A better idea: a July or August signing period that would allow players who truly have made up their minds to end the process before their senior seasons. If the coach were to get fired, the players would have been warned on the National Letter-of-Intent they signed that they might endure a coaching change.
Also, if coaches want commitments that better resemble engagements, they'd better start holding sizable rocks when they propose. Some coaches pass out written scholarship offers like free hamburger coupons. Some offer more than 200 players for a 25-man class. The NCAA needs a rule that limits schools to 100 scholarship offers per academic year. The NCAA already limits the number of official visits each school can offer. Why not cap the amount of written offers? Then coaches might wait before extending an offer to a player who might leave them at the altar.
Sure, schools might just resort to more wink-wink, nudge-nudge scholarship offers to get around the rule, but consider this scenario. Imagine you're a highly touted recruit from Phoenix and you want to attend college in your home state. Arizona has extended one of its 100 written offers to you, while Arizona State has told you that a written offer is coming, but, for now, an oral offer will have to suffice. Where would you make your reservation? (This is not intended as a slight against Arizona State's staff, by the way. It's just an example. Feel free to substitute Cal and UCLA or Florida and Florida State if you'd like.)
Such a rule might solve some of the problems plaguing the recruiting process, but one issue highlighted during Brown's recruitment isn't going away. Butler, the cell phone company call center manager-turned-trainer who guided Brown through his recruitment, isn't the only handler out there. He's just one of the rare ones who elects to operate in the open. The New York Times has examined Butler and the NCAA has investigated him, but nothing anyone turned up -- not even the fact that Butler planned to charge for updates on Brown's recruitments -- convinced Brown that Butler didn't have his best interests at heart. "Without you," Brown said of Butler on Monday, "none of this would be possible."
Brown had a stable family and a respected high school coach, but he chose to let Butler handle his recruitment anyway. And, to Butler's credit, he has brought exposure to an area not known for producing BCS-level football players. He also has taken some significant lumps during the recruiting process. "It's been somewhat stressful, but I'm just thankful," Butler told SI.com Monday. "The thing that's most important to me is how the parents feel and how the kids feel. I've always had the support of all the parents of the kids I train. ... Nobody wants to hear unflattering things said about them, but I have faith in God. He has my back, and I'll let him judge me."

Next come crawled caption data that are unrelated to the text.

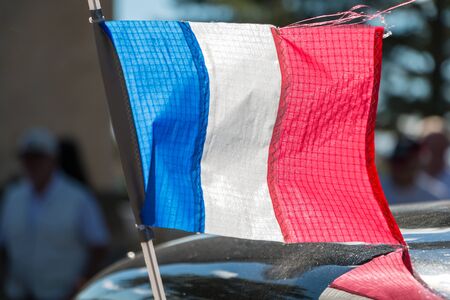 close-up french flag on the roof of a car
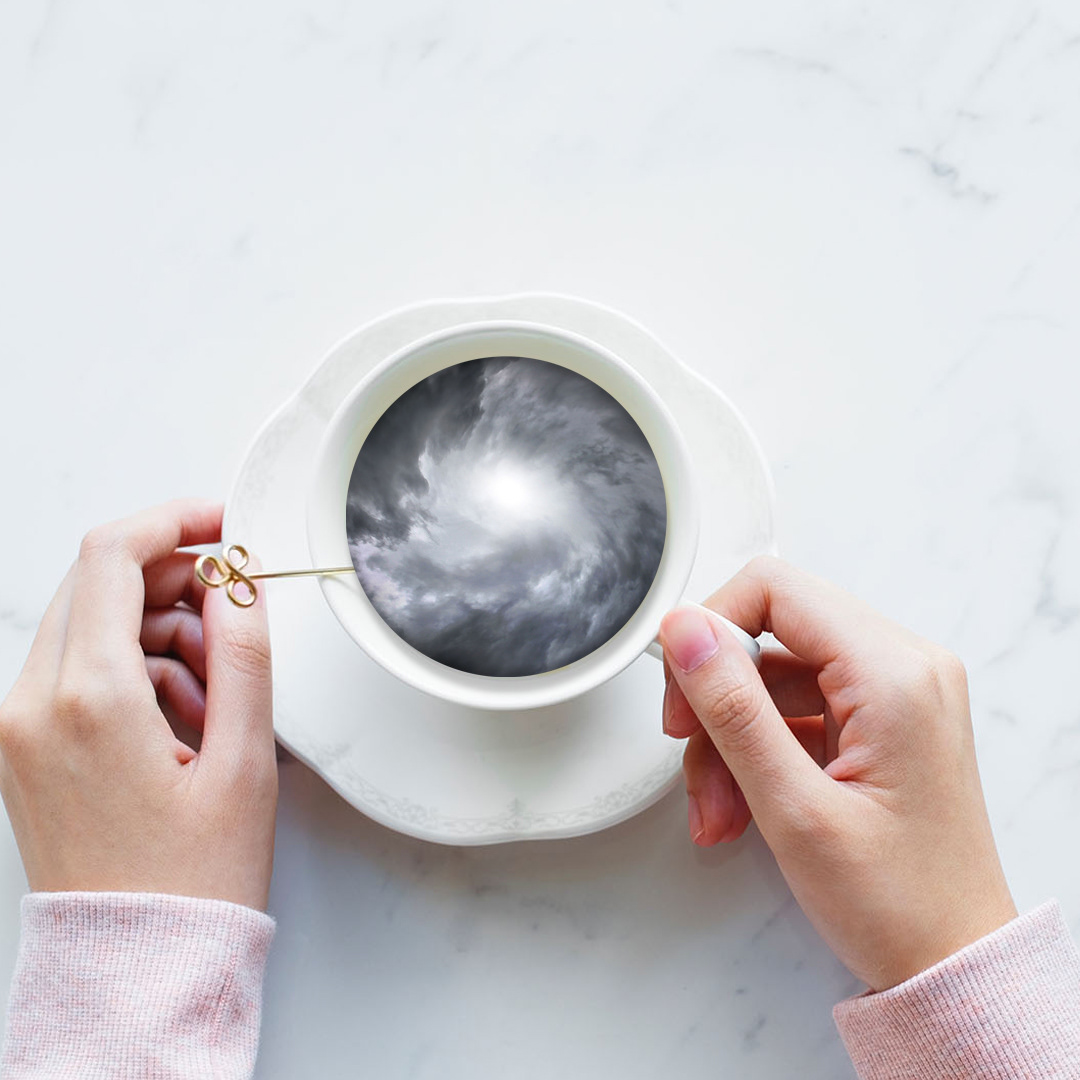 Hands holding teacup with swirling stormy sky inside.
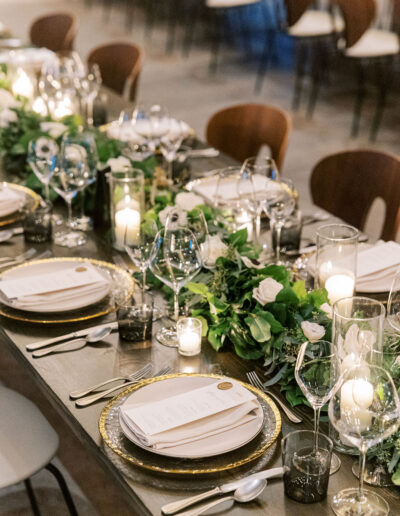 Elegant dining table set with gold-rimmed plates, cutlery, wine glasses, candles, and greenery centerpieces.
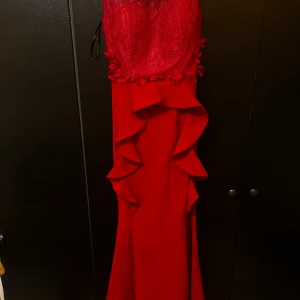 Röd långklänning med spetsdetaljer - Elegant röd långklänning med spetsdetaljer och volanger. Klänningen har en v-ringad design och är ärmlös, vilket ger en stilren look. Perfekt för festliga tillfällen.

It will be interesting to see if Butler's Potential Players company has as much luck finding scholarships for players in the post-Brown era. Wichita has one of the best players in the 2010 class (Bishop Carroll quarterback Blake Bell), but Bell's father and his high school coachwill handle Bell's recruitment. Still, Butler said, plenty of parents have called him about training their sons. "It's definitely going up -- not down," Butler said. "I have kids calling me from third grade and up."

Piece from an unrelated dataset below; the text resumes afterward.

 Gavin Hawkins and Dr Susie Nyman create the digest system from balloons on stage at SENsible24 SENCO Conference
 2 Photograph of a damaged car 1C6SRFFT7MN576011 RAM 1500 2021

Many prospects have unstable families or coaches who aren't helpful, so they gravitate toward street agents or scam artists. Whereas Butler charges for training services, the street agents quietly shop players to colleges, hoping for a payday. The scam artists, meanwhile, soak unwitting parents by promising to publicize players through bogus all-star games or sham Web sites. Compared to those guys, the Brian Butlers of the world don't seem all that bad.
But his commitment process doesn't always have to be such a saga.
A few minutes before Brown revealed his choice, he made an admission. "It was like a roller-coaster ride," he said. "I didn't expect for it turn out like this." Hopefully, it worked out best for Brown. Hopefully, the rest of us learned something, too.